Exercise
Please print exactly the line containing "Appartement à ASNIERES-SUR-SEINE" and every line after it to the end of the records below, and nothing more.

Data excerpts
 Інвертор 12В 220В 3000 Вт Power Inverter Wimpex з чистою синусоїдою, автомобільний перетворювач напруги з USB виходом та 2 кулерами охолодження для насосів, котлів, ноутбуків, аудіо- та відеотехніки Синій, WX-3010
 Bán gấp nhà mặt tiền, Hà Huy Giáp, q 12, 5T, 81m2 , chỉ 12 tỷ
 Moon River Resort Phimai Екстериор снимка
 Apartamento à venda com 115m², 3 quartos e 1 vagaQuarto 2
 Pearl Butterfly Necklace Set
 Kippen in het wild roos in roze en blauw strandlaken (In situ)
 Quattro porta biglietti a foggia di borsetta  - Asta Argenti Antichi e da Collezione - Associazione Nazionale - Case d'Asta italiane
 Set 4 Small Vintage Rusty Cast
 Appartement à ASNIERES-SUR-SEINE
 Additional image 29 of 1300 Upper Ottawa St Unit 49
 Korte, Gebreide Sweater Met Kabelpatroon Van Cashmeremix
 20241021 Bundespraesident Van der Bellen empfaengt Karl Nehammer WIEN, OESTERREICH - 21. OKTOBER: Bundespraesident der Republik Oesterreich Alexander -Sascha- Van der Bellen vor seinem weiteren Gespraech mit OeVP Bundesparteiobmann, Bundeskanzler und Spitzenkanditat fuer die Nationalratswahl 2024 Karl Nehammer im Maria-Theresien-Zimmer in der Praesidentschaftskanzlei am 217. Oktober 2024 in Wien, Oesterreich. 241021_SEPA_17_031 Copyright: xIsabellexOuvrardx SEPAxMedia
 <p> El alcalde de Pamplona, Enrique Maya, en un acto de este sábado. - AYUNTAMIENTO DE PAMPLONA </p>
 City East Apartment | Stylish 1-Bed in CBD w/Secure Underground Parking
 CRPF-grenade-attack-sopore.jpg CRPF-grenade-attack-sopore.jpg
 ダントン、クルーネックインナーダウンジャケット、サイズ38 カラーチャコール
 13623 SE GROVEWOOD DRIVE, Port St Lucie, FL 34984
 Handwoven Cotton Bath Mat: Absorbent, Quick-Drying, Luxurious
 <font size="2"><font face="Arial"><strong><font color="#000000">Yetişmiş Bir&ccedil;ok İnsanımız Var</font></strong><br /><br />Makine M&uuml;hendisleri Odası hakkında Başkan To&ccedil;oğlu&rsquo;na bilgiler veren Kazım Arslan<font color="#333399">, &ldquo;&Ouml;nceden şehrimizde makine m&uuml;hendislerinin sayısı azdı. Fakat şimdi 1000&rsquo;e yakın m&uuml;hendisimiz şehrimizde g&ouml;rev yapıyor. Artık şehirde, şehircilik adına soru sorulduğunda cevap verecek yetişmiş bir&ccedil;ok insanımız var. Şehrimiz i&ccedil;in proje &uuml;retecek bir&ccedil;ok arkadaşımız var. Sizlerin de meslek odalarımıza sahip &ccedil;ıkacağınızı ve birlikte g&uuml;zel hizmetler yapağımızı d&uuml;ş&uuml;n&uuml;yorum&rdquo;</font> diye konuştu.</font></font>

Your response
 Appartement à ASNIERES-SUR-SEINE
 Additional image 29 of 1300 Upper Ottawa St Unit 49
 Korte, Gebreide Sweater Met Kabelpatroon Van Cashmeremix
 20241021 Bundespraesident Van der Bellen empfaengt Karl Nehammer WIEN, OESTERREICH - 21. OKTOBER: Bundespraesident der Republik Oesterreich Alexander -Sascha- Van der Bellen vor seinem weiteren Gespraech mit OeVP Bundesparteiobmann, Bundeskanzler und Spitzenkanditat fuer die Nationalratswahl 2024 Karl Nehammer im Maria-Theresien-Zimmer in der Praesidentschaftskanzlei am 217. Oktober 2024 in Wien, Oesterreich. 241021_SEPA_17_031 Copyright: xIsabellexOuvrardx SEPAxMedia
 <p> El alcalde de Pamplona, Enrique Maya, en un acto de este sábado. - AYUNTAMIENTO DE PAMPLONA </p>
 City East Apartment | Stylish 1-Bed in CBD w/Secure Underground Parking
 CRPF-grenade-attack-sopore.jpg CRPF-grenade-attack-sopore.jpg
 ダントン、クルーネックインナーダウンジャケット、サイズ38 カラーチャコール
 13623 SE GROVEWOOD DRIVE, Port St Lucie, FL 34984
 Handwoven Cotton Bath Mat: Absorbent, Quick-Drying, Luxurious
 <font size="2"><font face="Arial"><strong><font color="#000000">Yetişmiş Bir&ccedil;ok İnsanımız Var</font></strong><br /><br />Makine M&uuml;hendisleri Odası hakkında Başkan To&ccedil;oğlu&rsquo;na bilgiler veren Kazım Arslan<font color="#333399">, &ldquo;&Ouml;nceden şehrimizde makine m&uuml;hendislerinin sayısı azdı. Fakat şimdi 1000&rsquo;e yakın m&uuml;hendisimiz şehrimizde g&ouml;rev yapıyor. Artık şehirde, şehircilik adına soru sorulduğunda cevap verecek yetişmiş bir&ccedil;ok insanımız var. Şehrimiz i&ccedil;in proje &uuml;retecek bir&ccedil;ok arkadaşımız var. Sizlerin de meslek odalarımıza sahip &ccedil;ıkacağınızı ve birlikte g&uuml;zel hizmetler yapağımızı d&uuml;ş&uuml;n&uuml;yorum&rdquo;</font> diye konuştu.</font></font>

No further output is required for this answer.